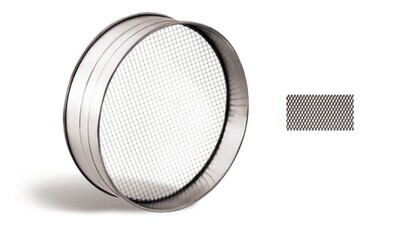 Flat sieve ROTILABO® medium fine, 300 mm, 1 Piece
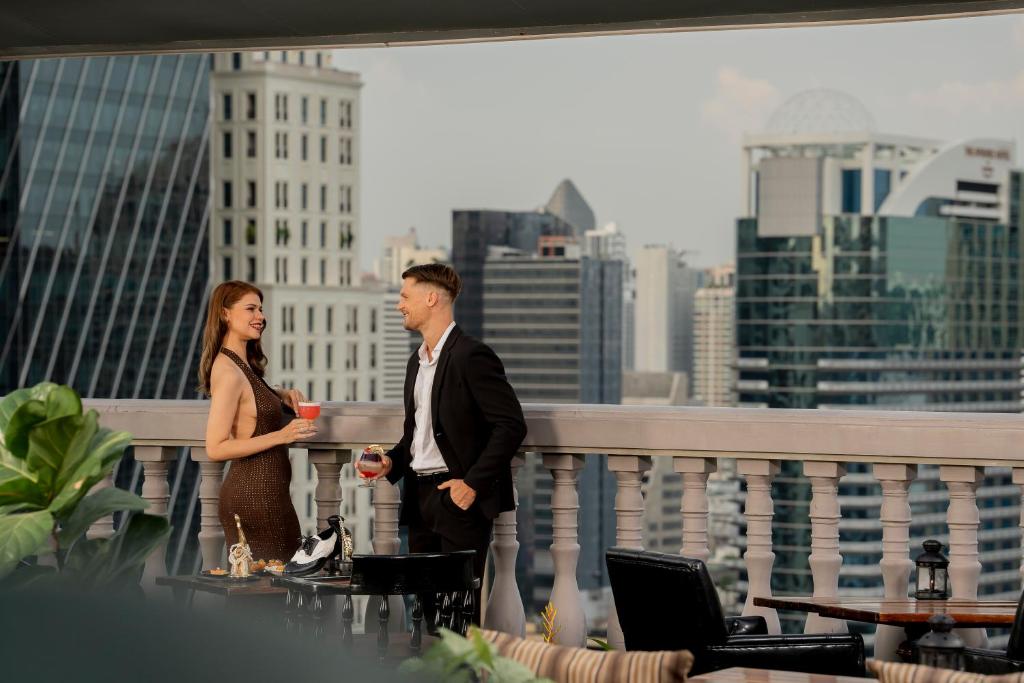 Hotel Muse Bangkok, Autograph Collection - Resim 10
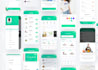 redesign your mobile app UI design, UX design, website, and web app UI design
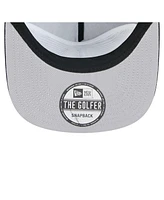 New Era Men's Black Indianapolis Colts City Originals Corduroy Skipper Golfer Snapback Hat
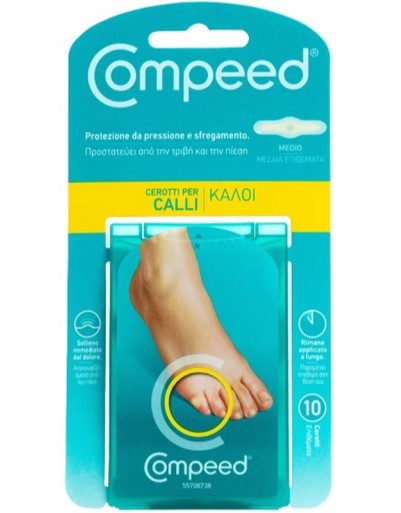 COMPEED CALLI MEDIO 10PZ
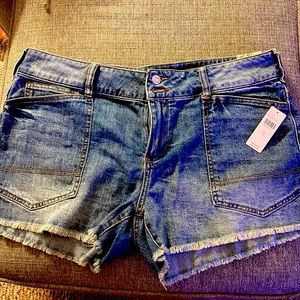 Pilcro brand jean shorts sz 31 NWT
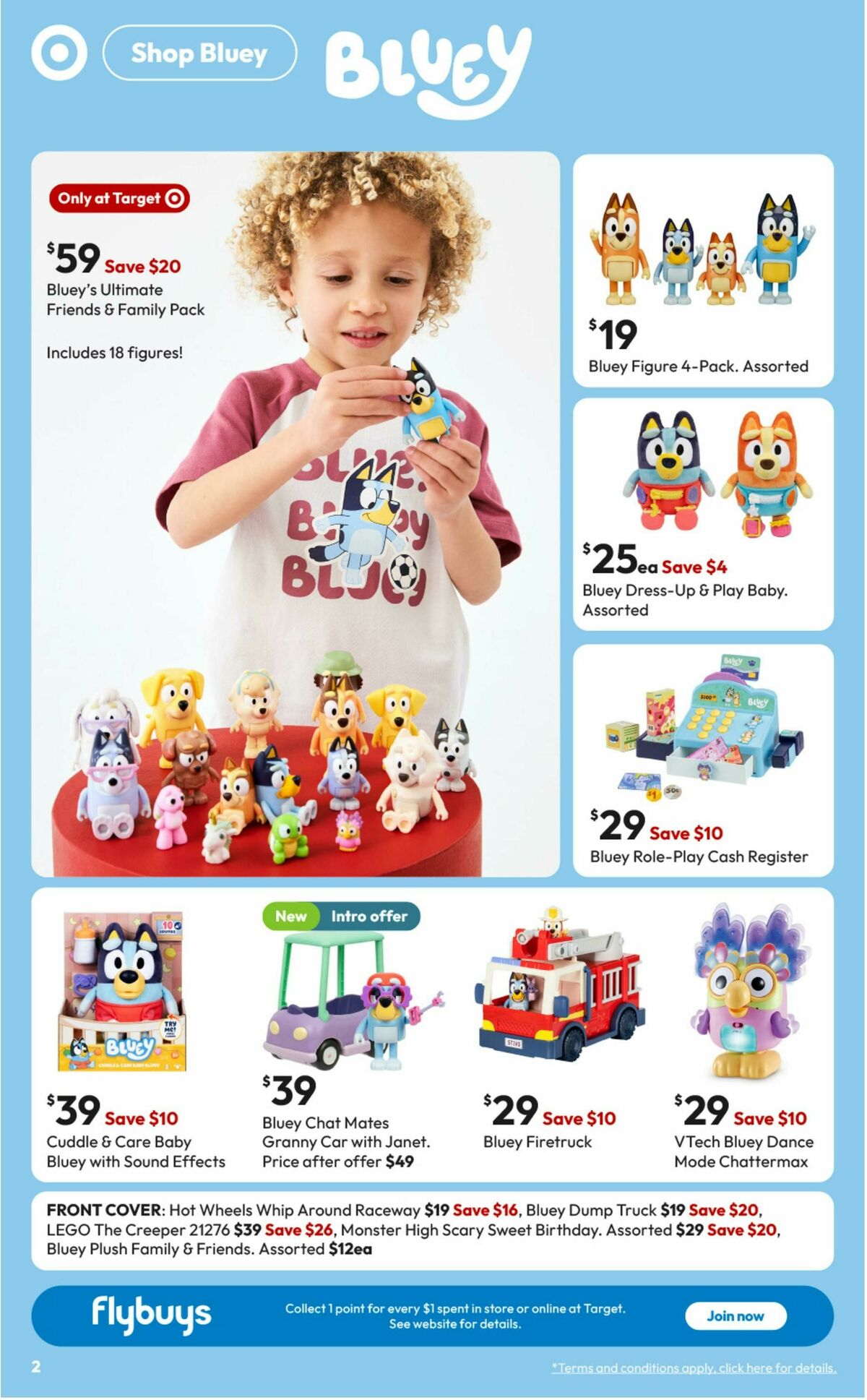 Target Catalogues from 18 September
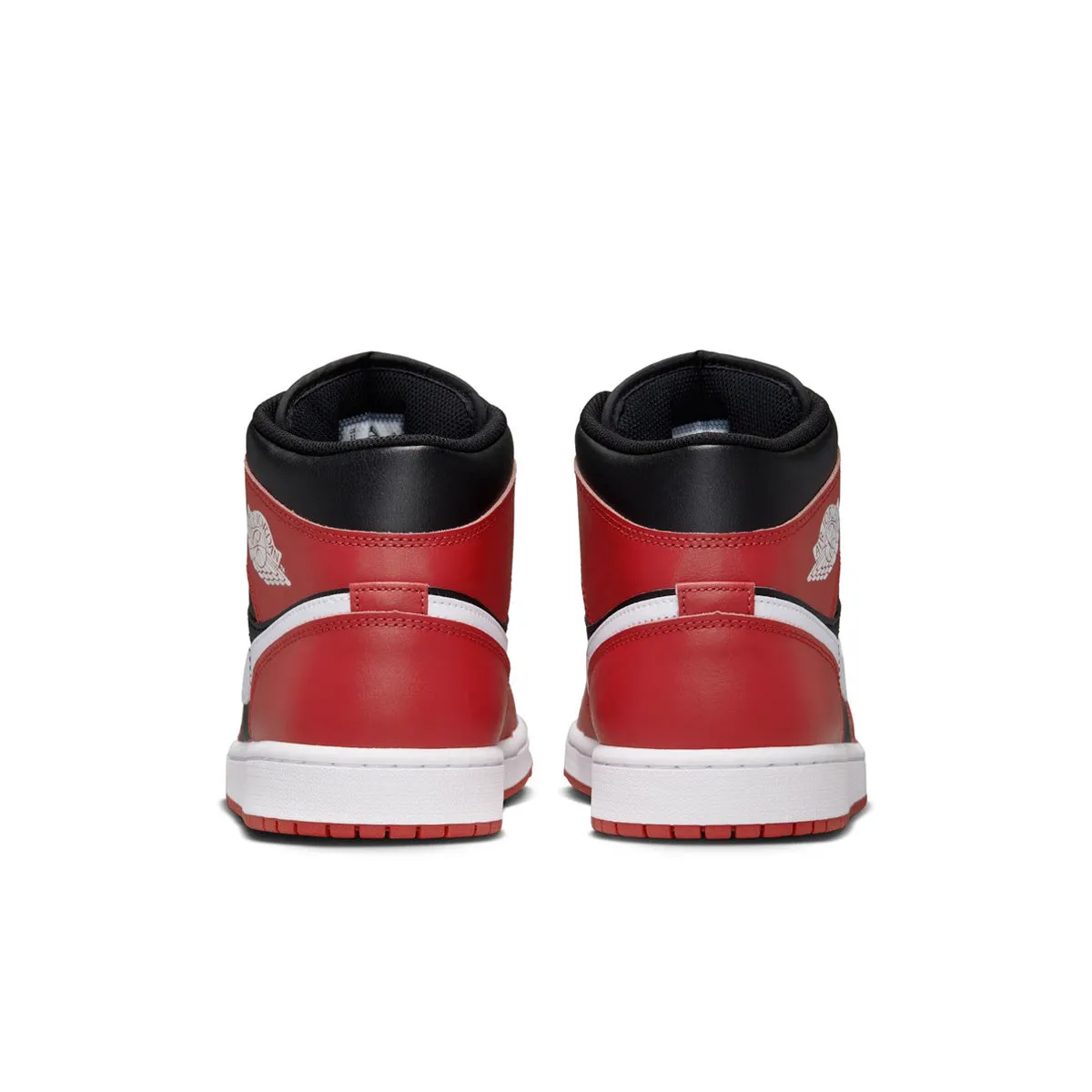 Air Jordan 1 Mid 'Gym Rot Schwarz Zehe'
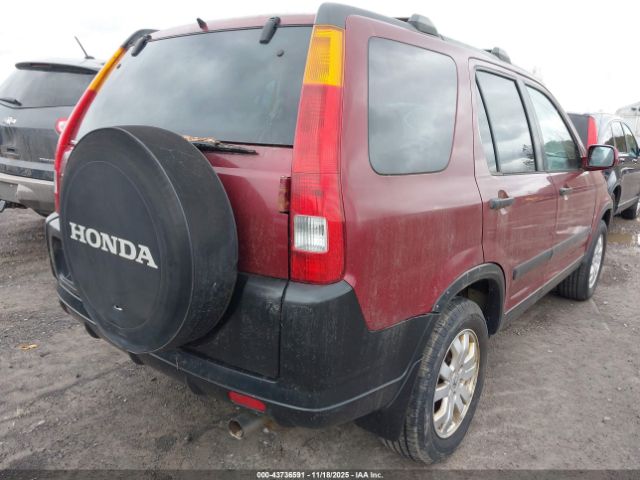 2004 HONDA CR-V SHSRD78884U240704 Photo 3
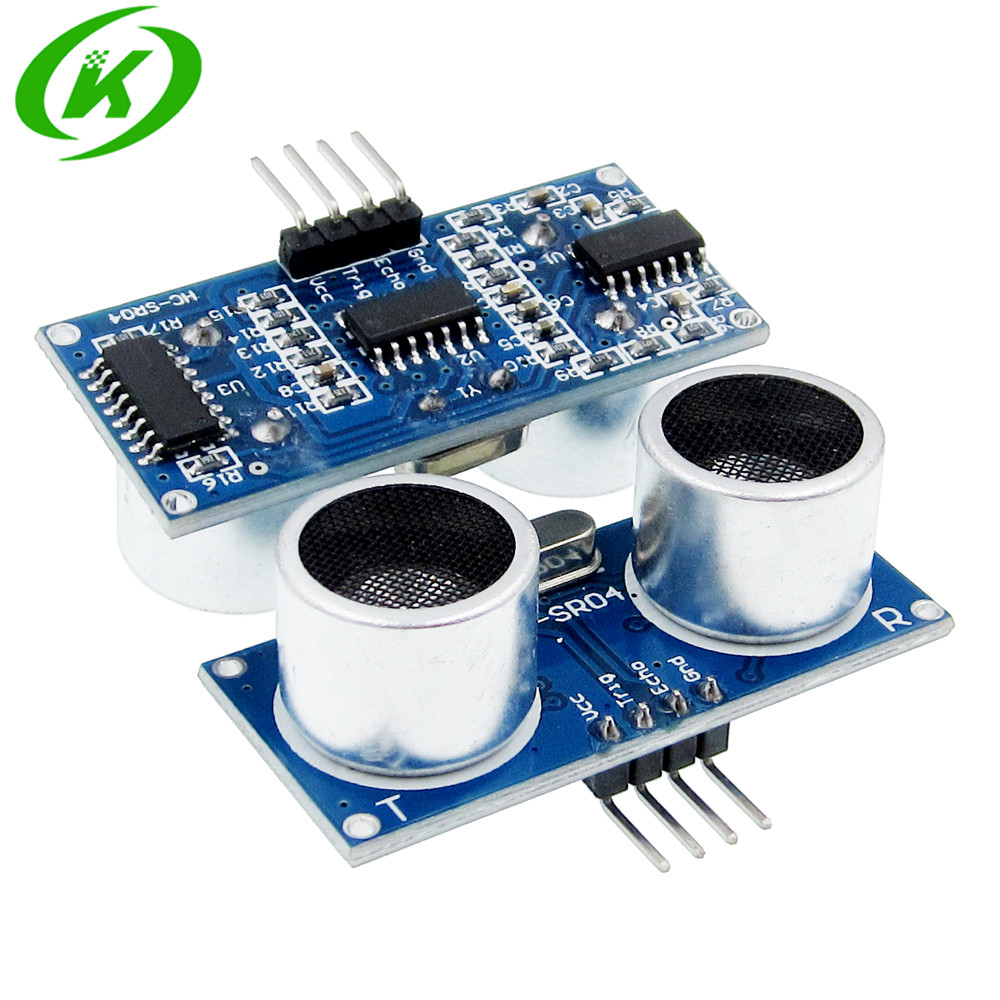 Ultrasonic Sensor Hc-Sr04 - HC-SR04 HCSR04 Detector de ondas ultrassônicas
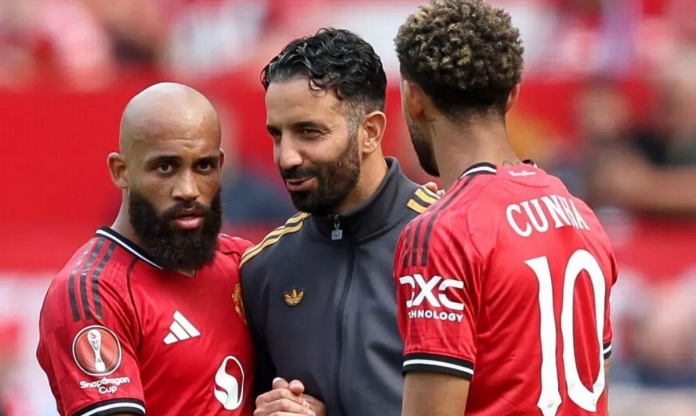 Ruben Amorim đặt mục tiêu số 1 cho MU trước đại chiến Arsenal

• • • •

Write the records out again verbatim and omit the pictures they contain.

#### FINISHED TASK
 Flat sieve ROTILABO® medium fine, 300 mm, 1 Piece
 Hotel Muse Bangkok, Autograph Collection - Resim 10
 redesign your mobile app UI design, UX design, website, and web app UI design
 New Era Men's Black Indianapolis Colts City Originals Corduroy Skipper Golfer Snapback Hat
 COMPEED CALLI MEDIO 10PZ
 Pilcro brand jean shorts sz 31 NWT
 Target Catalogues from 18 September
 Air Jordan 1 Mid 'Gym Rot Schwarz Zehe'
 2004 HONDA CR-V SHSRD78884U240704 Photo 3
 Ultrasonic Sensor Hc-Sr04 - HC-SR04 HCSR04 Detector de ondas ultrassônicas
 Ruben Amorim đặt mục tiêu số 1 cho MU trước đại chiến Arsenal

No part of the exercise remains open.